The California Energy Commission adopted building energy efficiency standards last month that will not only require solar installations in newly constructed homes starting in 2020 but will also necessitate enhanced lighting and ventilation systems in commercial buildings, including newly built healthcare facilities--a first-time requirement for this sector. Morningstar Credit Ratings, LLC believes the CEC’s new energy renewal and efficiency standards are positive for property assessed clean energy programs and will help support further development of the sector.
New Building Standards Will Heat up Solar Demand
Adopted on May 9, the 2019 Building Energy Efficiency Standards go into effect on Jan. 1, 2020, and apply to both residential and commercial buildings, although the requirements for each differ. Most noteworthy is the solar requirement for all new residential construction in 2020. This will significantly increase demand for solar energy and will benefit local operators. It may also serve as a blueprint for other states if California can decrease energy usage and increase customer savings.
Another component of the new requirements that has largely been overlooked will help to further bolster solar adoption on the residential level. The standards require new homes to have smart systems, which may include the installation of storage services, albeit voluntarily. Battery storage facilities would enable homeowners to store solar energy for use during higher priced peak periods (late afternoon to evening on weekdays and all day on weekends). This feature will be attractive to homeowners, given California’s migration to time-of-use pricing, which we expect to occur in 2019. Three major utility companies--Pacific Gas and Electric Co., Southern California Edison, and San Diego Gas & Electric--will implement a TOU pricing scheme next year, in which rates will be higher during peak usage periods and lower during off-peak periods to incentivize electricity usage during slower times.
Whether with TOU or dynamic pricing, which fluctuates more fluidly in relation to real-time demand, battery storage is a compelling option to add to solar energy systems, especially as net metering agreements become less common. With net metering, customers can sell power back to the utility company’s grid and receive a credit if their kilowatt-hour usage is less than the energy produced. Utility companies have lobbied to eliminate net metering agreements as the proliferation of solar panels has significantly cut into their bottom line. As a result, it’s likely that demand for storage will significantly increase with the transition to tiered pricing and the removal of net metering.
On the commercial side, new construction of healthcare facilities will be subject to energy efficiency standards--the first time the healthcare sector has ever seen such a mandate. In addition, the building requirements also call for enhanced lighting and ventilation systems on existing commercial properties. Indoor air quality should benefit from the use of filters, while indoor and outdoor lighting may increase efficiency with the use of LEDs.
Will the Residential Side Pick Up the PACE?
While it’s too early to tell whether residential builders will simply add the incremental solar costs, estimated at roughly $9,500, to selling prices, the possibility exists that residential developers may use PACE programs to help finance their properties, borrowing a page from the playbook of their commercial counterparts. On the residential side, we have yet to see builders use PACE as a financing tool because with a new construction loan, the borrower would need to get consent from the lender to add on a PACE assessment. Lenders may be reluctant to allow such financing because of the supersenior lien status that PACE assessments enjoy over mortgage loans. In addition, the Federal Housing Finance Agency prohibits Fannie Mae and Freddie Mac from buying mortgages with PACE liens, while the Federal Housing Administration no longer insures new mortgages on homes with existing PACE assessments.
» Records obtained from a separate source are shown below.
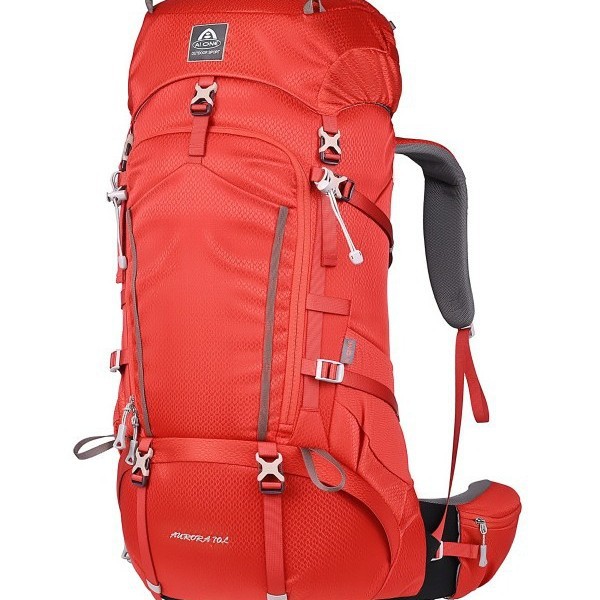 Ai Wang 70L80L Outdoor Mountaineering Bag Travel Backpack Large Capacity Hiking Mountaineering Bag Multifunctional Backpack
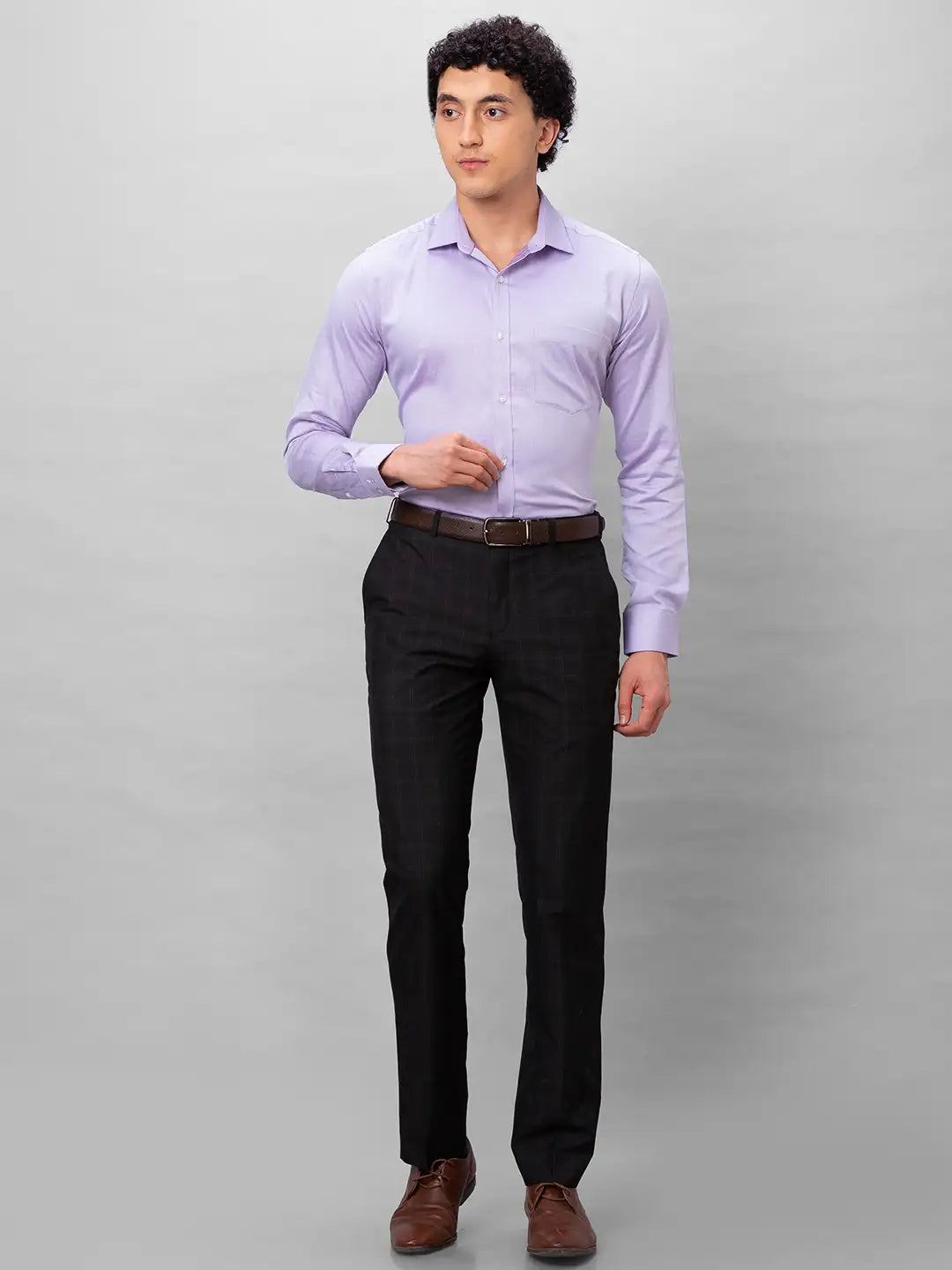 Park Avenue Men Green Structure Slim Fit Cotton Shirts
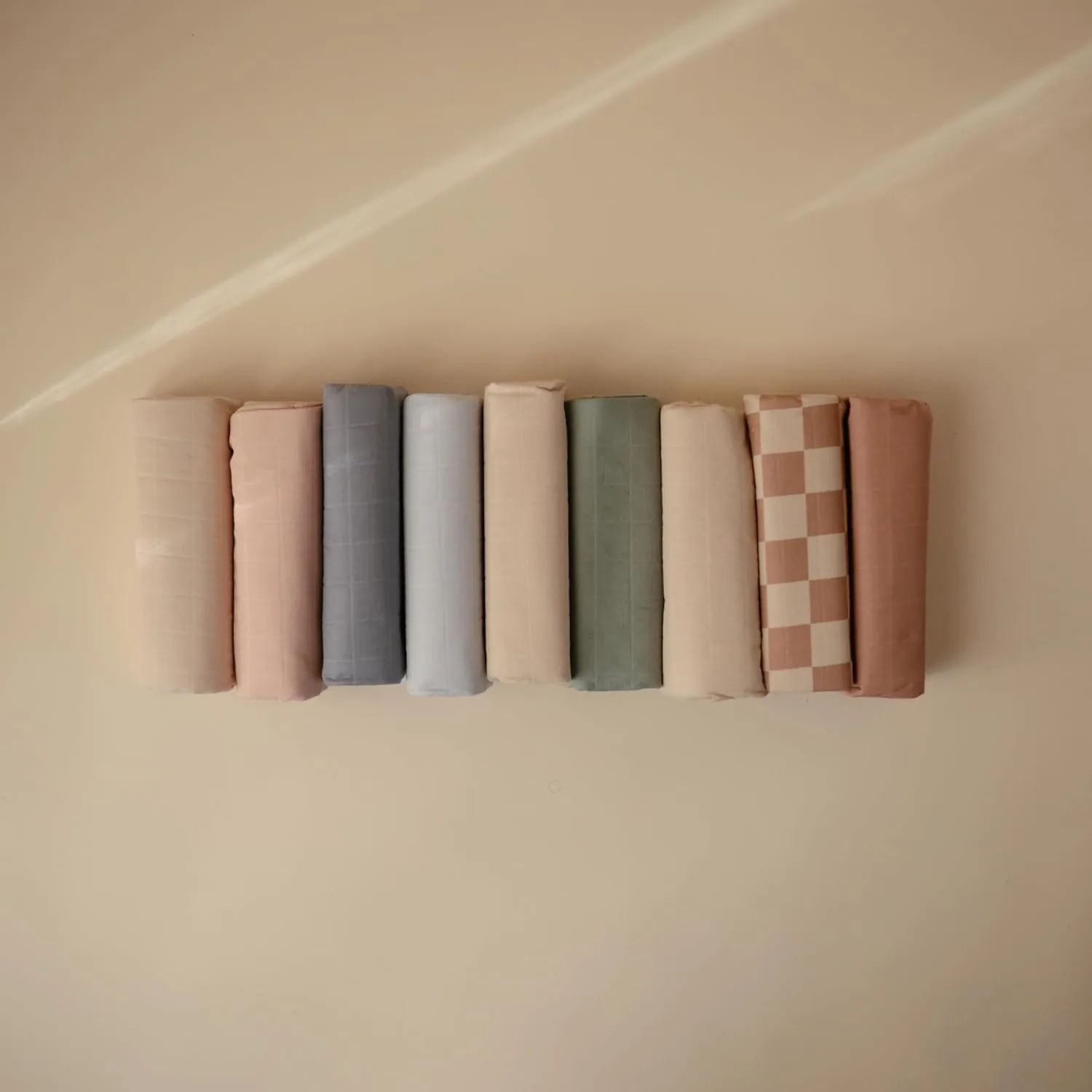 mushie Waterproof Changing Pad Liners | 100% Organic Cotton | Set of 3 (Blue Combo)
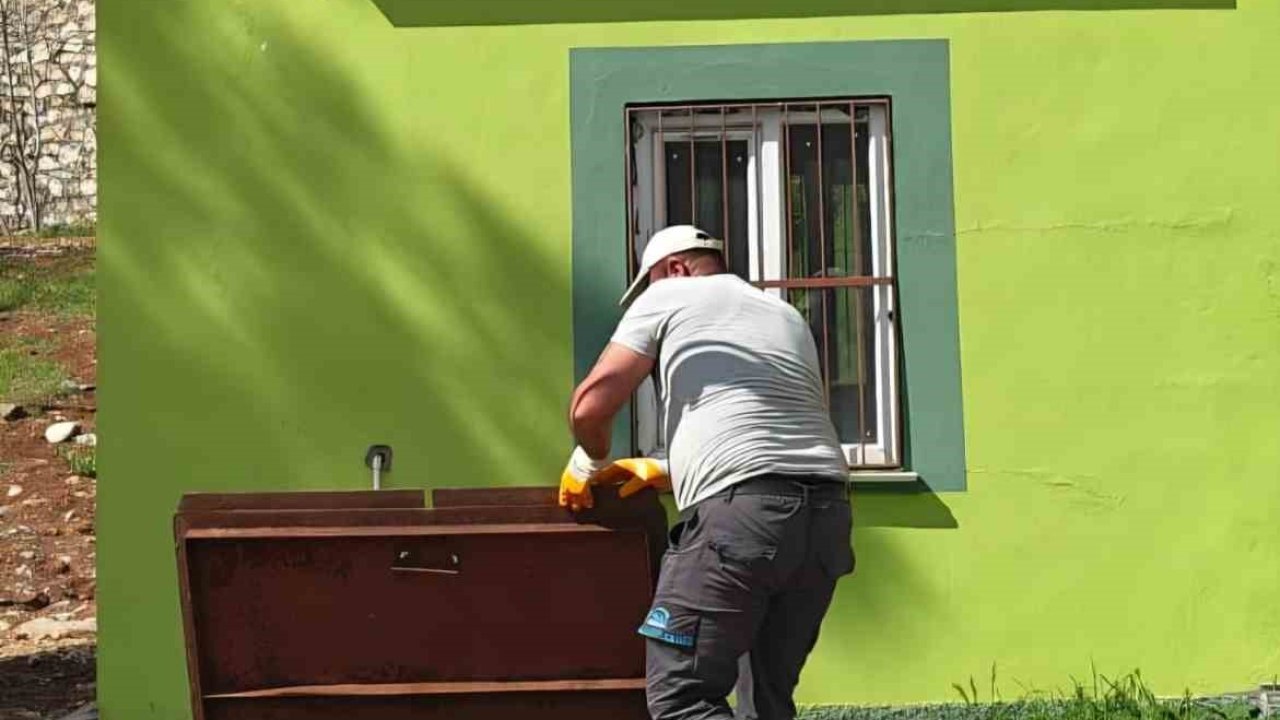 Tunceli’de altyapı için yoğun mesai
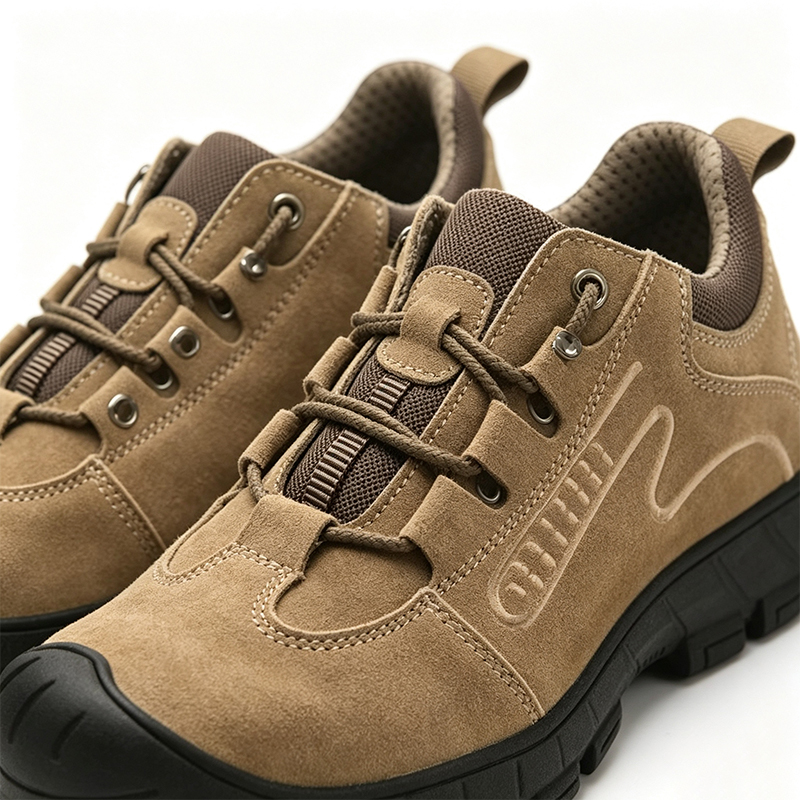 Chaussures de sécurité en daim et caoutchouc anti-perforation Kevlar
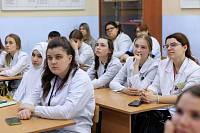 Встреча со студентами Московского областного медицинского колледжа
On the commercial side, the benefit to PACE is more straightforward because property developers have already used PACE as a financing alternative. Most commercial programs require borrowers to obtain the mortgage lender’s consent before providing PACE financing. Builders working on commercial properties, including newly constructed healthcare facilities, may use PACE programs to help finance the new building requirements, or otherwise they may seek out a higher-cost construction loan or mezzanine financing.
Prospects Are Looking Bright
The new building standards that take effect in California in 2020 will require property owners and building developers to spend more money to meet those new measures that include solar requirements for residential properties and energy efficiency standards for commercial properties, including newly constructed healthcare facilities. PACE programs stand to benefit as builders look for financing alternatives to pay for these new energy efficiency and energy renewal requirements.